Excessive logging for invalid SDK key
seangatewood opened this issue ยท 7 comments
Is this a support request?
No
Describe the bug
When an LDClient has a bad SDK key (because it expired or was bad from the beginning), it repeatedly logs about it and triggers any DataSourceStatusProvider.StatusListener
s
To reproduce
- Initialize a LDClient connected to environment X
- Wait for log to say
INFO com.launchdarkly.sdk.server.LDClient.DataSource - Initialized LaunchDarkly client.
- (I set a breakpoint after initializing it and configured to stop only the test thread)
- Go into LaunchDarkly and reset environment X's SDK key (keep old key around for 0 hours)
- The log will repeatedly say
ERROR com.launchdarkly.sdk.server.LDClient.DataSource - Error in stream connection (giving up permanently): HTTP error 401 (invalid SDK key)

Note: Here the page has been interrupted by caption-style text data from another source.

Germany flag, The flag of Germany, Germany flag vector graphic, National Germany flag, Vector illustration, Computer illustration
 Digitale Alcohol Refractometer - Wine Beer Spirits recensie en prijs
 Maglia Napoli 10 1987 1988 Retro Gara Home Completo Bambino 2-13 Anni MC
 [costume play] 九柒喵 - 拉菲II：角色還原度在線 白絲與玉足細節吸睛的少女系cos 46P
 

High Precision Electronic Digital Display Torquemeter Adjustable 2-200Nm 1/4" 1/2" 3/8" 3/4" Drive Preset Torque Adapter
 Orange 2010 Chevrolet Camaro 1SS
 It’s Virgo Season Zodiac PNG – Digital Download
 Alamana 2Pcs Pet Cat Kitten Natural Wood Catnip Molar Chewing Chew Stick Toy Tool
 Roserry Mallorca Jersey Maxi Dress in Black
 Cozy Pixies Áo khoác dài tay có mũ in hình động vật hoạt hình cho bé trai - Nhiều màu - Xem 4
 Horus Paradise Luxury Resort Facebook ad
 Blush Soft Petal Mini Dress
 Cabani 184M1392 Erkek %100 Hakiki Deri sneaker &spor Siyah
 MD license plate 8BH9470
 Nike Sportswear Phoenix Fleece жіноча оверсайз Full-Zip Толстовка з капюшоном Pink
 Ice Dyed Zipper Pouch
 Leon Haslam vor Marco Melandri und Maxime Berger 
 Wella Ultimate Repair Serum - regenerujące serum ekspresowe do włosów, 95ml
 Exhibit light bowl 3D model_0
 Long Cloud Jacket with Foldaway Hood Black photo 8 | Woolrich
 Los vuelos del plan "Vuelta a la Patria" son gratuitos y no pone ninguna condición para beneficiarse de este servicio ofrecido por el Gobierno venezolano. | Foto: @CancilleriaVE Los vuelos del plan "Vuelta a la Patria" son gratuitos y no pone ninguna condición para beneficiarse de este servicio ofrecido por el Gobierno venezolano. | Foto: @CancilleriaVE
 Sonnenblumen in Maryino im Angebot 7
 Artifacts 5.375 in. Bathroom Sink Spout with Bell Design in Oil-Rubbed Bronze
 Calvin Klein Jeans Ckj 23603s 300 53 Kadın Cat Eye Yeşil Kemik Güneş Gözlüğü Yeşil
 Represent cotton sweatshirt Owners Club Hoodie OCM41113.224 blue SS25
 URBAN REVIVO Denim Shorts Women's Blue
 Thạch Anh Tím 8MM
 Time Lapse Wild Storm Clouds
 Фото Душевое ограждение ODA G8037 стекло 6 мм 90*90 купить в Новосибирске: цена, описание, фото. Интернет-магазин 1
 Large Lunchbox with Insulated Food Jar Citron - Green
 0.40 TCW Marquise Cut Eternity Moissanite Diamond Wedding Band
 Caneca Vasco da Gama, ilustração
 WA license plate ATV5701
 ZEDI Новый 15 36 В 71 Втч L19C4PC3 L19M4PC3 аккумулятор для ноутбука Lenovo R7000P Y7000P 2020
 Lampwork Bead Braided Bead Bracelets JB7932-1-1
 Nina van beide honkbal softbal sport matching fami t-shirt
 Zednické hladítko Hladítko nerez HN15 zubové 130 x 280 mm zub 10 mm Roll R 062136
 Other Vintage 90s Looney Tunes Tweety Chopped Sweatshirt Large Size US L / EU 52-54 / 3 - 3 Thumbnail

- Upon further inspection, it seems this bug also occurs if you just set the SDK key to any random string from the beginning like
pizza
The same issue exists for StatusListener
s
We were also considering setting up alerts for sites that have expired SDK keys, and we were considering using the DataSourceStatusProvider
for that.
However, if I add this code into my test:
DataSourceStatusProvider dataSourceStatusProvider = client.getDataSourceStatusProvider();
dataSourceStatusProvider.addStatusListener(status -> {
DataSourceStatusProvider.State state = status.getState();
if (state == DataSourceStatusProvider.State.OFF) {
System.out.println("\033[1;33m" + "My listener was called!" + "\033[0m"); // yellow
}
});
then you will see that the listener is also repeatedly called:
Upon further inspection, if I make my listener always print what the State
was:
status -> {
DataSourceStatusProvider.State state = status.getState();
System.out.println("\033[1;33m" + "My listener was called! " + state.name() + "\033[0m"); // yellow
}
then it seems to oscillate between INTERRUPTED
and OFF
:
Expected behavior
If it really "gives up permanently" (which it should do for an invalid SDK key), then it should only log that message once. ๐ That also seems to be what this code is trying to do?
Also we kinda expected addStatusListener to only trigger for status changes, which should only be once for a non-recoverable error like having an invalid SDK key.
Logs
[Test worker] INFO com.launchdarkly.sdk.server.LDClient.DataSource - Enabling streaming API
[Test worker] INFO com.launchdarkly.sdk.server.LDClient.DataSource - Starting EventSource client using URI: <hidden>
[Test worker] INFO com.launchdarkly.sdk.server.LDClient - Waiting up to 5000 milliseconds for LaunchDarkly client to start...
[okhttp-eventsource-stream-[]-0] INFO com.launchdarkly.sdk.server.LDClient.DataSource - Connected to EventSource stream.
[okhttp-eventsource-events-[]-0] INFO com.launchdarkly.sdk.server.LDClient.DataSource - Initialized LaunchDarkly client.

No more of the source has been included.